Denial of a motion for judgment of acquittal would not ordinarily meet the test of finality. "Final judgment in a criminal case means sentence. The sentence is the judgment. * * * In criminal cases, as well as civil, the judgment is final for the purpose of appeal `when it terminates the litigation * * * on the merits' and `leaves nothing to be done but to enforce by execution what has been determined.'" Berman v. United States, 1937, 302 U.S. 211, 212-213, 58 S.Ct. 164, 166, 82 L.Ed. 204. See also Parr v. United States, 1956, 351 U.S. 513, 76 S.Ct. 912, 100 L.Ed. 1377; Cobbledick v. United States, 1940, 309 U.S. 323, 60 S.Ct. 540, 84 L.Ed. 783; Cogen v. United States, 1929, 278 U.S. 221, 49 S.Ct. 118, 73 L.Ed. 275; Alexander v. United States, 1906, 201 U.S. 117, 26 S.Ct. 356, 50 L.Ed. 686.

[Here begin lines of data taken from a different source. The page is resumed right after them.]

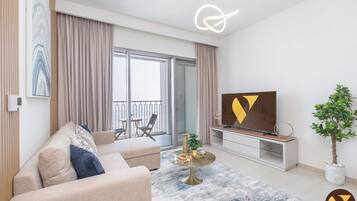 Apartamento superluxo, vista para a cidade | Área de estar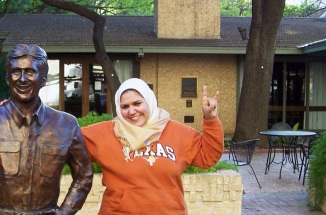 walaa ali smiles and poses with a statue on campus 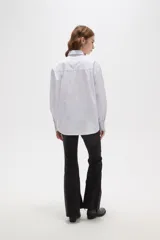 Camisa de algodón a rayas verticales, con cuello camisero, cierre frontal de botones y detalle de strass aplicado en la parte superior delantera.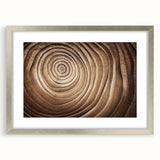 Textured art print of abstract tree designs in muted green and brown, framed in silver, ideal for bedroom wall decor.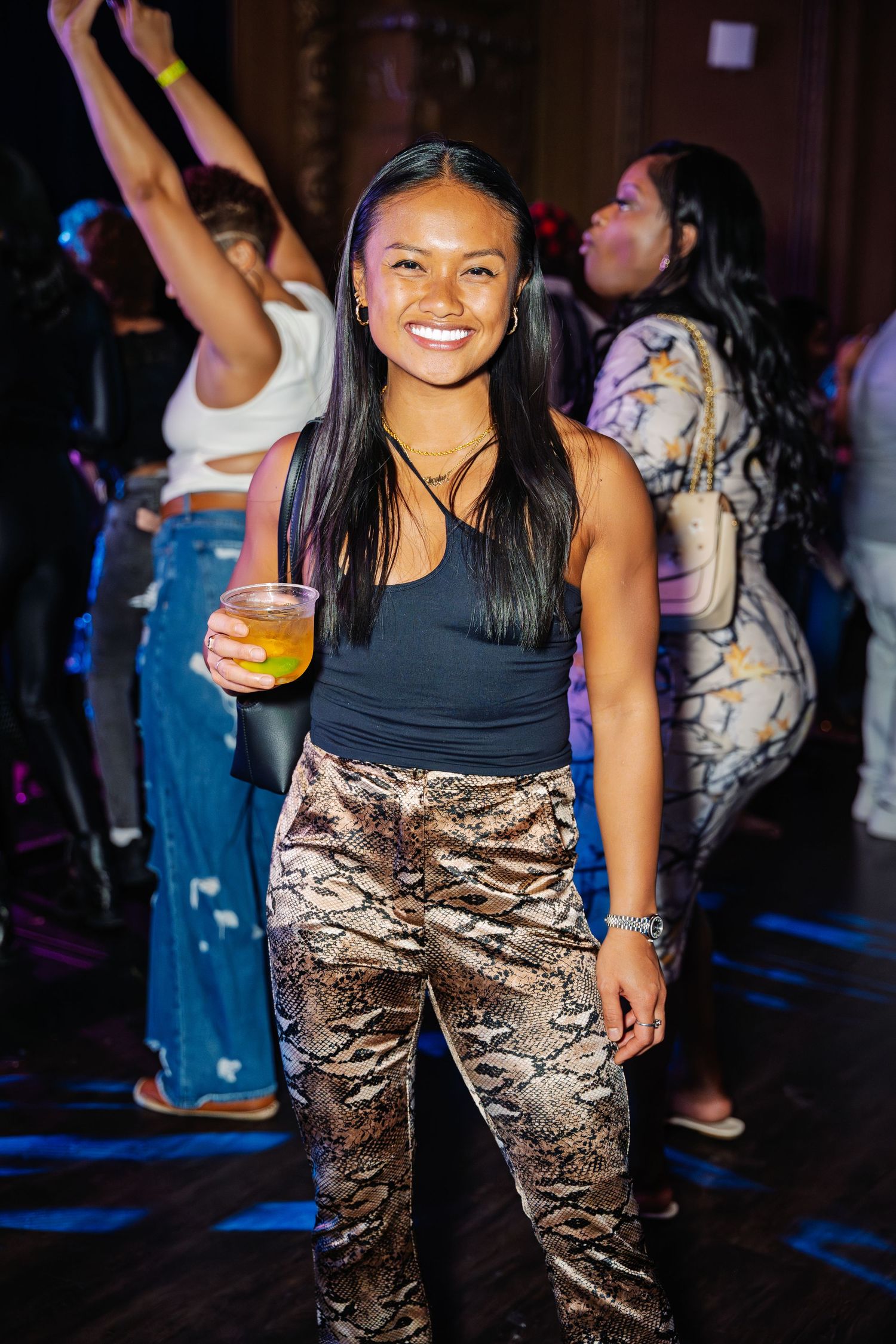 Smiling woman in snakeskin pants holds a drink on a lively dance floor.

With great earnestness and a skill which presses out the very last drop of merit in the materials at hand, appellant's counsel urges that the order was final since it disposed finally of the claimed right not to be twice tried for the same offense.3 From this the argument runs somewhat along these lines. (1) Rule 29 imposes (at least at the end of the case) a mandatory duty on the judge to enter a judgment of acquittal if the evidence is insufficient.4 (2) If the Court fails to perform this duty, there is no effective corrective action available if a direct appeal does not lie. (3) This is so because if appeal must be postponed until after the second trial and taken from that judgment of conviction, the matter for appellate review will not be the correctness of the court's action at the second trial, but the denial of the judgment of acquittal at the end of the first trial. (4) This means that the second trial and its record is superfluous to this question which cannot be eradicated. (5) Worse, this has all been required and done in defiance of the constitutional rights of an accused, since "The prohibition is not against being twice punished, but against being twice put in jeopardy; and the accused, whether convicted or acquitted is equally put in jeopardy at the first trial."5 United States v. Ball, 1896, 163 U.S. 662, 669, 16 S.Ct. 1192, 1194, 41 L.Ed. 300.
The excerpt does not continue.